Happy new year!
Most importantly here’s the document: GCN Reference Card
(Use it only on your own risk, as it can contain errors. The red color means the glorious GCN3)
Last autumn I had the opportunity to program a GCN3 Fury card. It is a real 8TFlops/s beast, even games are flowing incredibly on that while I still have a potato of a CPU 😀
So I had a job on it, and in order to do it, first I had to upgrade my assebler to support the changes that GCN3 introduced. I’ve spent the first days on comparing the old (Southert/Sea Islands) manual against the new one (GCN3 Isa Manual), spotting the differences, making notes on every important changes. The new instruction set is totally incompatible with the old one, but maybe first I was a bit angry, later I really liked the new changes. Just 2 things out of the many: Sub DWord Addressing, Data Parallel Processing. These two (mostly the latter) are kinda redefining how I think in parallel programming from now. Basically there’s no need to think in mass parallel, we can interweave adjacent threads without any wasted cycles(* there are penalties, though) to collaborate on the same job, while using the same memory resources as it would do with only 1 individual thread.

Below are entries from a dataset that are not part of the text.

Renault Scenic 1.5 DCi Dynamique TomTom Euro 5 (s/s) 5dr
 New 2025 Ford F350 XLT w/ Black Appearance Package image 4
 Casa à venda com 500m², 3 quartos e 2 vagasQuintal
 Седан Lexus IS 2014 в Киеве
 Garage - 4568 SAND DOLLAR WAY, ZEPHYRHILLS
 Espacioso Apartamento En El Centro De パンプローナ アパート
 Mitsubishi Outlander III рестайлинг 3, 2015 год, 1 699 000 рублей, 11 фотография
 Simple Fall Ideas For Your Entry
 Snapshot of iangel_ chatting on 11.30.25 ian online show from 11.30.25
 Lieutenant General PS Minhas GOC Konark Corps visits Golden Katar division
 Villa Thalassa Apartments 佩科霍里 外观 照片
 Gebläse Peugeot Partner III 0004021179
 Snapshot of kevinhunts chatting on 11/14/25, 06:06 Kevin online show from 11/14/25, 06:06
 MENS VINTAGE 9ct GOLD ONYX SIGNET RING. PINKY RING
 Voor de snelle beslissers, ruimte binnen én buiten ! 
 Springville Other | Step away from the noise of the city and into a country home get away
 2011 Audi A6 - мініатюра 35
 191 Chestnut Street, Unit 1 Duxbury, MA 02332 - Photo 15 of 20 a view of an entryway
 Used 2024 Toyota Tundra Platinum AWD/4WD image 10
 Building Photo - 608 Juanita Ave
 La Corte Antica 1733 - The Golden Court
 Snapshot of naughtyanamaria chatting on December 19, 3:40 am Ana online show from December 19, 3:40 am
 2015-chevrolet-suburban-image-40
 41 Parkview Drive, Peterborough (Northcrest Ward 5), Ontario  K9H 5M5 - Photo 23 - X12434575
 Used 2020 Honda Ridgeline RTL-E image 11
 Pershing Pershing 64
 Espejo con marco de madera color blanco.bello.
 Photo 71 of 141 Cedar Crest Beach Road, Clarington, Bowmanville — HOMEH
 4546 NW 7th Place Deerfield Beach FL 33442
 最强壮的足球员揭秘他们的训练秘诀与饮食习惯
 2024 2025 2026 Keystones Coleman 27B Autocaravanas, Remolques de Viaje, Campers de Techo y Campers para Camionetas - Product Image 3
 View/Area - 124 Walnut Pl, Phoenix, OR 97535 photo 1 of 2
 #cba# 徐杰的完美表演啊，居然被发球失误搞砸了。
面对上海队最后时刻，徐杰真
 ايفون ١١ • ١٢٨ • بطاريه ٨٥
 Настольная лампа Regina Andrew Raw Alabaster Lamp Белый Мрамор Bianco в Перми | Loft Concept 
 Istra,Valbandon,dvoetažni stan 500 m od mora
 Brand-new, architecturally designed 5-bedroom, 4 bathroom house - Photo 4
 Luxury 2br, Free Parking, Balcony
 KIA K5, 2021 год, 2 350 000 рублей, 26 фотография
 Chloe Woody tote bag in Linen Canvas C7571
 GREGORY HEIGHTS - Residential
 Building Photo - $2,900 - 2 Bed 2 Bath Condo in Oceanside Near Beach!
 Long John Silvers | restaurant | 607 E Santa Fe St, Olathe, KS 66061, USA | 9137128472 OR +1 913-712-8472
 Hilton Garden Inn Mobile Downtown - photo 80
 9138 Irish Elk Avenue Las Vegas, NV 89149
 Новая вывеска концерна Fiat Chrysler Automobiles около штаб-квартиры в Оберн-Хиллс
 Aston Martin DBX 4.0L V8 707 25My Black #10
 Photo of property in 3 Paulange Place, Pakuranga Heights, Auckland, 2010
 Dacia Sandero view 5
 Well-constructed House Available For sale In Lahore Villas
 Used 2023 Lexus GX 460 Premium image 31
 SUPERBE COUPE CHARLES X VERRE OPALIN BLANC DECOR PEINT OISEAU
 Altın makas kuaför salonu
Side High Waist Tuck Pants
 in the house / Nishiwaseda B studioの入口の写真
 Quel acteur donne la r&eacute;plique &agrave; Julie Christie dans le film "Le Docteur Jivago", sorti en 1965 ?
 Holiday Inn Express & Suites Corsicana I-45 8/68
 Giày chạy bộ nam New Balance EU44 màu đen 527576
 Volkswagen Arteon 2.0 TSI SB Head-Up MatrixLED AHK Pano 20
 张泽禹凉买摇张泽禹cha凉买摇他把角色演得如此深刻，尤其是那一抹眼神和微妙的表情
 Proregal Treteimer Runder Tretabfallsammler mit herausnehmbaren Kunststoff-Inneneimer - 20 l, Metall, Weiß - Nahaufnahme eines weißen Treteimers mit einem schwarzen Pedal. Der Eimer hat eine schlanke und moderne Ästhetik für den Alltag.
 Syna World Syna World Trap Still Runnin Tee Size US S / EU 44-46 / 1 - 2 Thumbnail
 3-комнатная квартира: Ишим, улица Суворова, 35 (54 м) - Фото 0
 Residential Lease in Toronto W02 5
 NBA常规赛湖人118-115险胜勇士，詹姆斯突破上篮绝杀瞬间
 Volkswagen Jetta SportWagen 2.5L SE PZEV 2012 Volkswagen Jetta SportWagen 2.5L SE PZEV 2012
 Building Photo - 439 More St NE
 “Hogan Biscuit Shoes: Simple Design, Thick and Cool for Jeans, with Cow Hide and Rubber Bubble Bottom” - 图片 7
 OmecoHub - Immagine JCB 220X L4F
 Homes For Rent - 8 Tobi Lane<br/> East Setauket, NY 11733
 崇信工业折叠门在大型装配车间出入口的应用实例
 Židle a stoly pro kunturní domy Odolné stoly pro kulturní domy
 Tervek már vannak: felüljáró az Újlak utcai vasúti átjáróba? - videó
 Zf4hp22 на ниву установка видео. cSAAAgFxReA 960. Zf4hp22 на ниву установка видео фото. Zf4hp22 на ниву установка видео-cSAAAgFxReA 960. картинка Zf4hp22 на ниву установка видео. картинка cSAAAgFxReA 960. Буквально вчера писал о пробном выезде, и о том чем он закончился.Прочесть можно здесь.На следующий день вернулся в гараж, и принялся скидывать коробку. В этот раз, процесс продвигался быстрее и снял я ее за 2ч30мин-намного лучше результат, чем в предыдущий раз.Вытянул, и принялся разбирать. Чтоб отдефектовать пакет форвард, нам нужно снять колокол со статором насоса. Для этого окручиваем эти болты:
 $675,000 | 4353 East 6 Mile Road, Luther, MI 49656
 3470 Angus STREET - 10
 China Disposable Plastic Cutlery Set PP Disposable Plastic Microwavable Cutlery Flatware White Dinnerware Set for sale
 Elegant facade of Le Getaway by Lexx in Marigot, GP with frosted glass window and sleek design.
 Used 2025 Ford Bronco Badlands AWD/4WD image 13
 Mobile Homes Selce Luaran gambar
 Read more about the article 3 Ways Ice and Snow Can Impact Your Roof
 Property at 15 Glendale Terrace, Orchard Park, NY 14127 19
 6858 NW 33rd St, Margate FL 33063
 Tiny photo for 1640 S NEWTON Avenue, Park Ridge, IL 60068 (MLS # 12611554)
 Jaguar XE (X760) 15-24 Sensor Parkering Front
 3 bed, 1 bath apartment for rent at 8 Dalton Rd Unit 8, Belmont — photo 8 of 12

Long ago I thought about optimizing Scrypt on 4 adjacent lanes. I just guessed it is useful as it uses 1/4 the memory costs. On GCN1 it had to be implemented with the ds_swizzle instruction, but now it is free on the GCN3 to connect 4 lanes this way. Too bad I don’t have time to play with this…
5 years ago there was a mass parallel revolution (I’d call it hype), when sequential programmers were so optimistic to wait for new solutions that can make their sequential programs run on massive amounts of treads automatically. Now there is that inter-thread data sharing thing. If memory is a bottleneck, then we can think about connecting 2,4,16 or even 32 threads to work together on the same job. By this, it became even harder to optimize classic sequential code automatically to new hardware. But those guys are still optimistic as hell. I heard about someone who willing to wait these parallel things to be implemented under Java. Geeeeez 😀 Why not start OCL today?!